The expected output is the full set of entries, retyped verbatim, pictures excluded.

____

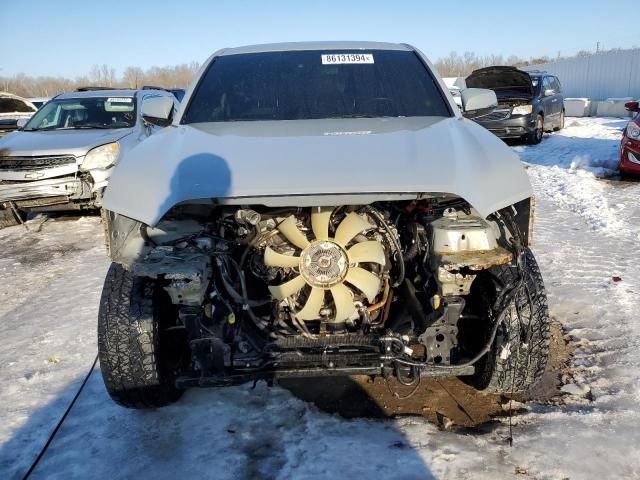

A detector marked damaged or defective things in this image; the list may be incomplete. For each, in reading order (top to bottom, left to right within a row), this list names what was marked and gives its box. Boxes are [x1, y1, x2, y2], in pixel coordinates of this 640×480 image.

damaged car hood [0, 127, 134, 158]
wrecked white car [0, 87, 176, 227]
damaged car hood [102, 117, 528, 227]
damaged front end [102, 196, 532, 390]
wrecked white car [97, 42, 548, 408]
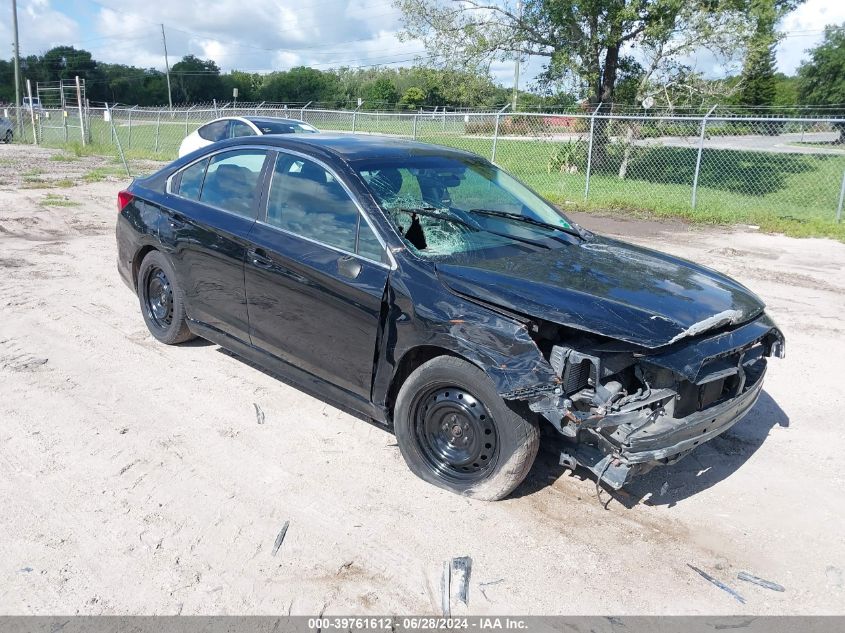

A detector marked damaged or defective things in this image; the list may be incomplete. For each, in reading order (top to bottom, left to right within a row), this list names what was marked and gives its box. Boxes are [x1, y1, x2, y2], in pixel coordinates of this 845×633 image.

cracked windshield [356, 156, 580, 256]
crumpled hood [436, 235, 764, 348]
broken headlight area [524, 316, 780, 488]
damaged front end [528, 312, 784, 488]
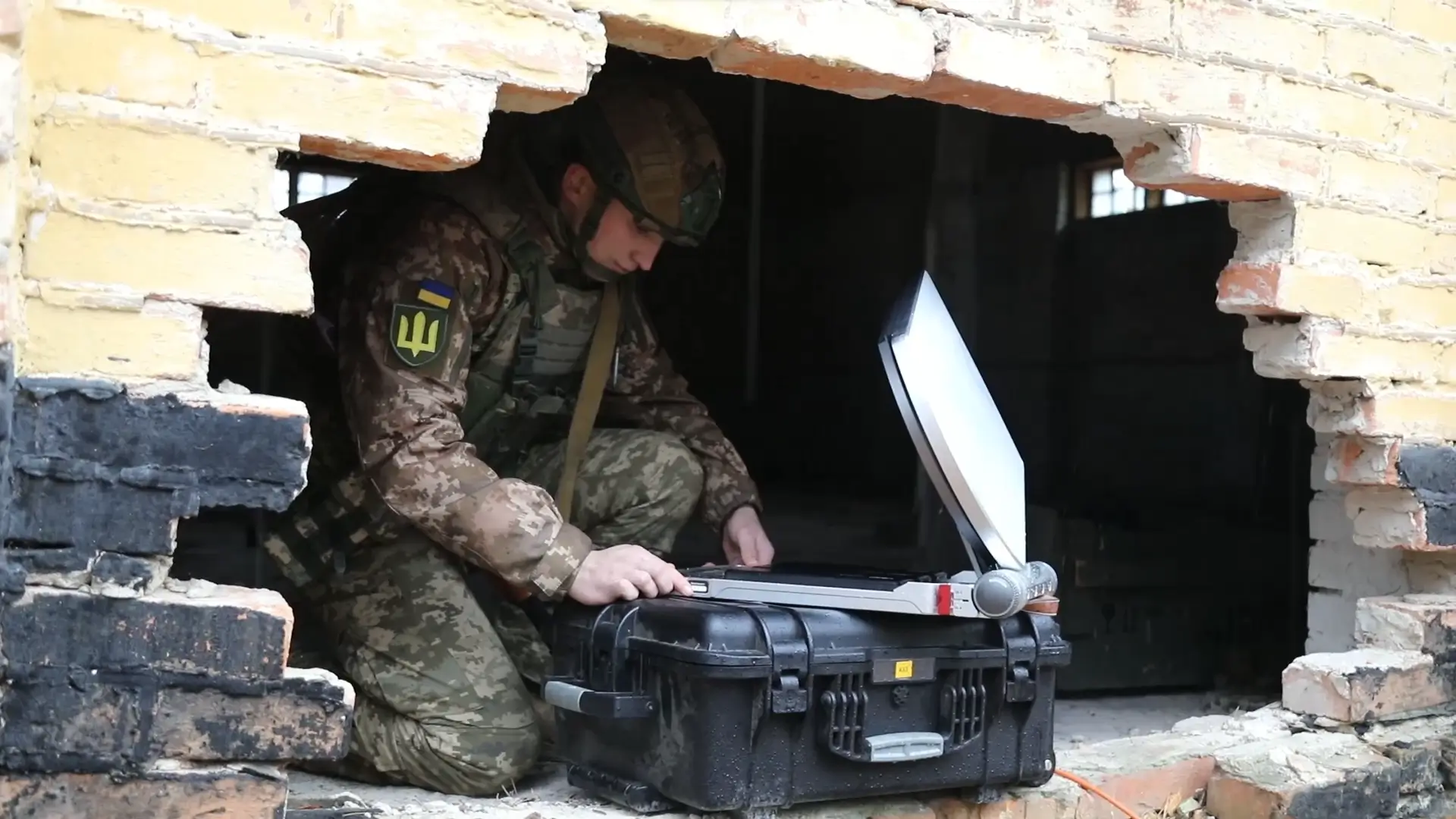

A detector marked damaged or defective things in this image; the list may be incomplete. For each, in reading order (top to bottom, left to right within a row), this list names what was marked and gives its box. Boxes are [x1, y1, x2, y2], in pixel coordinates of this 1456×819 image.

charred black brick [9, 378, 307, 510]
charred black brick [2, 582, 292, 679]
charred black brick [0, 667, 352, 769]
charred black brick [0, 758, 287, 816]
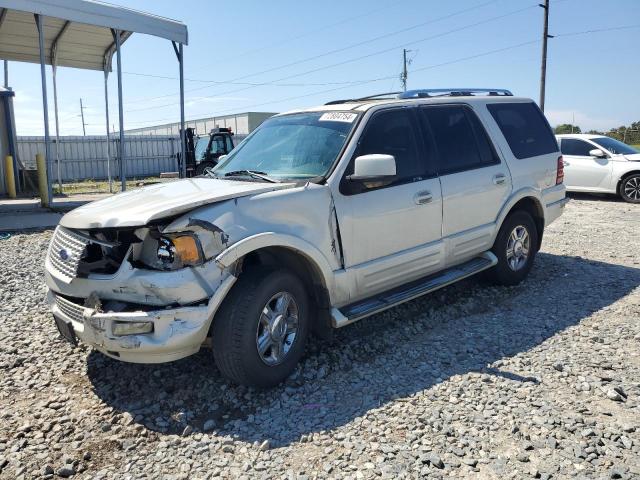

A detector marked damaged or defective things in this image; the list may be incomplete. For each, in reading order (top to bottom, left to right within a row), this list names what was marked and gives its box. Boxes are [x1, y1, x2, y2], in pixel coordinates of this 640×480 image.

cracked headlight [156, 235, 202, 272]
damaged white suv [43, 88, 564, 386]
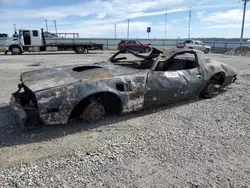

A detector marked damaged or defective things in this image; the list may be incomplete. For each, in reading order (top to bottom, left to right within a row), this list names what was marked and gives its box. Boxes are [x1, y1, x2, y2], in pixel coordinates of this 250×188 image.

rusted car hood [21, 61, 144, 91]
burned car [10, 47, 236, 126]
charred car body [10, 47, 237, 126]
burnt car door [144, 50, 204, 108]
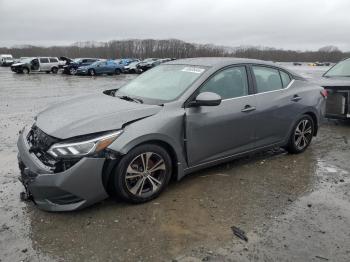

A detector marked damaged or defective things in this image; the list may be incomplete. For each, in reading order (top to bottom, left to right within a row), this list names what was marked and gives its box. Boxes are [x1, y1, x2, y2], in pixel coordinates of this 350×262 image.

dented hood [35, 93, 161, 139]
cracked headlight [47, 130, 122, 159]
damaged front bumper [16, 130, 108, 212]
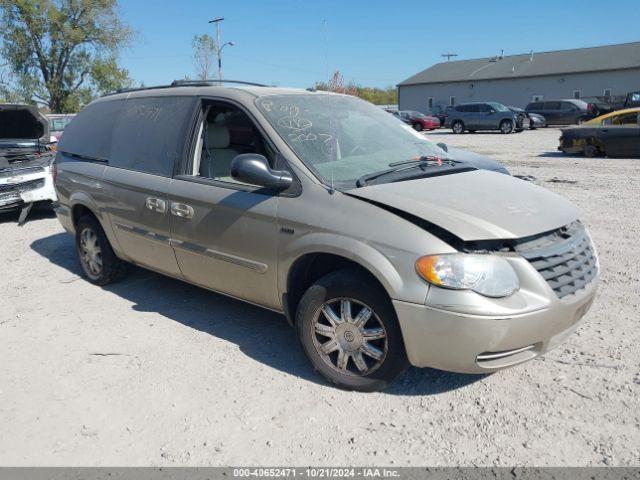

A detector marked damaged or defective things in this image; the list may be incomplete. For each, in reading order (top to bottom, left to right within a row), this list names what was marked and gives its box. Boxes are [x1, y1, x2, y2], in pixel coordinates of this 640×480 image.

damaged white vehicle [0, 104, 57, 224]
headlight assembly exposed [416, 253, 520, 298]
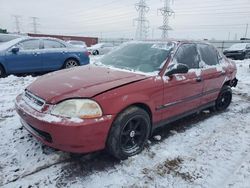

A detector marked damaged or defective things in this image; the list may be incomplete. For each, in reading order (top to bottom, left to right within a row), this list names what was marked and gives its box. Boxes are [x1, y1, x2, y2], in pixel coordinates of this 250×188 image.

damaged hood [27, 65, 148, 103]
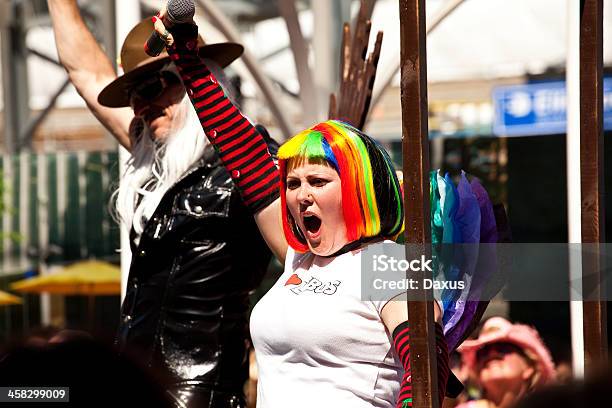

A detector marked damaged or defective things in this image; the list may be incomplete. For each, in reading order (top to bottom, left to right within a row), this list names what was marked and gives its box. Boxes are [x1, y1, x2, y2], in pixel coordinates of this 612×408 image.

____

● **SOLUTION**:
A detector marked damaged or defective things in this image; the list may be incomplete. For each, in reading order (top to bottom, left to right within a row), this list names what was marked and gives its box. Boxes are [x1, y1, x2, y2], in pixel coordinates of this 640×480 image.

damaged car hood [0, 127, 134, 158]
wrecked white car [0, 87, 176, 227]
damaged car hood [102, 117, 528, 227]
damaged front end [102, 196, 532, 390]
wrecked white car [97, 42, 548, 408]

A detector marked damaged or defective things in this image; the list may be incomplete. For each, in reading order (top to bottom, left to right within a row), this list names what was marked and gives its box. Boxes are [x1, y1, x2, y2], in pixel coordinates of this 845×633 image.

cracked windshield [356, 156, 580, 256]
crumpled hood [436, 235, 764, 348]
broken headlight area [524, 316, 780, 488]
damaged front end [528, 312, 784, 488]

A detector marked damaged or defective things in this image; the list may be incomplete. For each, in reading order (top to bottom, left to right within a row), this list names what was marked and gives its box. Boxes are [x1, y1, x2, y2], in pixel coordinates of this 1456×819 image.

charred black brick [9, 378, 307, 510]
charred black brick [2, 582, 292, 679]
charred black brick [0, 667, 352, 769]
charred black brick [0, 758, 287, 816]

A detector marked damaged or defective things in this image; the list may be incomplete. For each, in reading order (top to bottom, left to right within a row), this list names what was marked and gives its box. Boxes are [x1, y1, x2, y2], in pixel coordinates of this 640×480 image.

cracked headlight [156, 235, 202, 272]
damaged white suv [43, 88, 564, 386]

A detector marked damaged or defective things in this image; the list may be incomplete. For each, in reading order (top to bottom, left to right within a row), this list names what was marked and gives its box. Boxes are [x1, y1, x2, y2], in pixel coordinates of this 250×188 image.

rusted car hood [21, 61, 144, 91]
burned car [10, 47, 236, 126]
charred car body [10, 47, 237, 126]
burnt car door [144, 50, 204, 108]

A detector marked damaged or defective things in this image; the list may be incomplete. For each, in reading order (top to bottom, left to right within a row), this list names what was marked and gives its box. Boxes are [x1, y1, x2, y2], in pixel coordinates of this 350×262 image.

dented hood [35, 93, 161, 139]
cracked headlight [47, 130, 122, 159]
damaged front bumper [16, 130, 108, 212]

A detector marked damaged or defective things in this image; the list may be incomplete. For each, in reading order (top to bottom, left to right within a row), this list names what was marked and gives its box. Boxes are [x1, y1, x2, y2], in pixel coordinates of this 640×480 image.

damaged white vehicle [0, 104, 57, 224]
headlight assembly exposed [416, 253, 520, 298]

A detector marked damaged or defective things in this image; the list may be incomplete. For each, in reading order (top to bottom, left to right within a row), this list names what was marked and gives its box. Boxes are [x1, y1, x2, y2], in pixel coordinates of this 250×188 image.

damaged hood [27, 65, 148, 103]

A detector marked damaged or defective things in this image; the list may be incomplete. For each, in reading order (top to bottom, left to right within a row), this list names what was marked and gives its box. Boxes are [x1, y1, x2, y2], in pixel coordinates of this 612×408 image.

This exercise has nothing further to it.